Review: “13th Age”


30 Second Summary

13th Age feels like the spiritual successor of 4th Edition Dungeons & Dragons mixed with the storytelling mechanics of games like Fate and Fiasco. Rob Heinsoo and Jonathan Tweet give us a fully refined RPG mixed with a pile of house rules we can drop into any d20 game. While it’s great fun to run, 13th Age’s storytelling system demands much of a GM’s improvisation skills. At $45 plus shipping for the hardcover and PDF package or $25 for the PDF alone, 13th Age isn’t cheap, but you get a whole lot of game in a single beautiful package. If you’re looking for the evolution of D&D mixed with the storytelling of RPGs like Fate, look no further.

Read Donoghue’s Review

Before we begin, Robert Donoghue, co-founder of Evil Hat, wrote a 10,000 word chapter-by-chapter review of 13th Age that is well worth your time to read. Rob has a keen eye on the design of game systems and digs up a lot of nuggets not covered in this review. This review will only skim over topics he spent much time on. If you want to dig deep into 13th Age, give his in-depth articles a good read.

The Rise of Opinionated RPGs

The internet, digital publishing, social media, and crowdfunding gives rise to a new age in RPG publishing.
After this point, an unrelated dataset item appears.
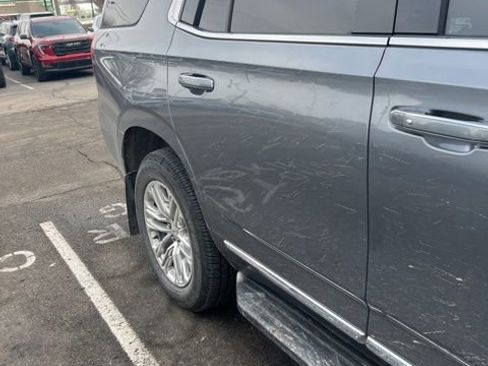 Used 2022 GMC Yukon SLT w/ SLT Premium Package image 6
Today, anyone with the skills, talents, desires, and a web browser can publish an RPG. This leads us to focused RPGs for specific audiences with particular tastes that match the tastes of the author. Dungeon World is a clear example. The authors of Dungeon World, Adam Koebel and Sage LaTorra have a very particular way they look at traditional D&D games and Dungeon World drips with their opinions on the topic. If you don’t agree with them, there are plenty of other D&D variants out there from which to choose.
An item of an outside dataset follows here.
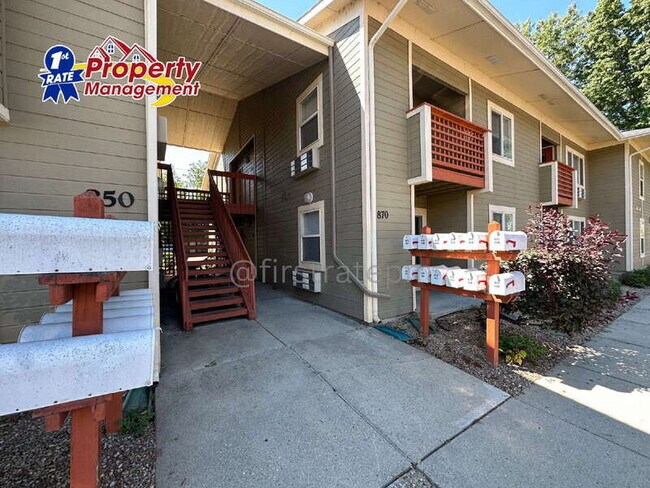 Building Photo - 850 W Belmont Cir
I like to refer to this style of product as the “opinionated RPG” to match the rise of opinionated software packages like Ruby on Rails. The opinionated RPG can be identified by a slant towards particular tastes and a clear selection of its intended audience. These aren’t RPGs anyone expects will sit on a shelf in Walmart. The right kind of gamer must seek it out to find it.

13th Age is another clear example of an opinionated RPG. Rob Heinsoo and Jonathan Tweet refer to themselves and their style of play all throughout the sourcebook. When the two of them differ in their opinions, they address it directly in the text in a breakout box. It’s as though we all got a copy of the original Microsoft Word document with the comments left on and it’s very endearing. It feels like we’re sitting with the two of them as they bicker about the details of d20 design and gameplay. Most of the time, their opinions line up and we see clearly what they care about and what they don’t. Rob and Jonathan’s opinions on traps (boring time wasters), detailed equipment statistics (let’s just call it heavy armor and move on, shall we?), and money (take 200 gold or a potion of healing) come out clearly throughout the book. 13th Age focuses on the aspects of D&D they love the most such as PC empowerment and character-driven storytelling.

Truly Advanced D&D

13th Age begins with the following first sentence:

We have targeted the game toward experienced gamemasters and players at all levels of roleplaying experience.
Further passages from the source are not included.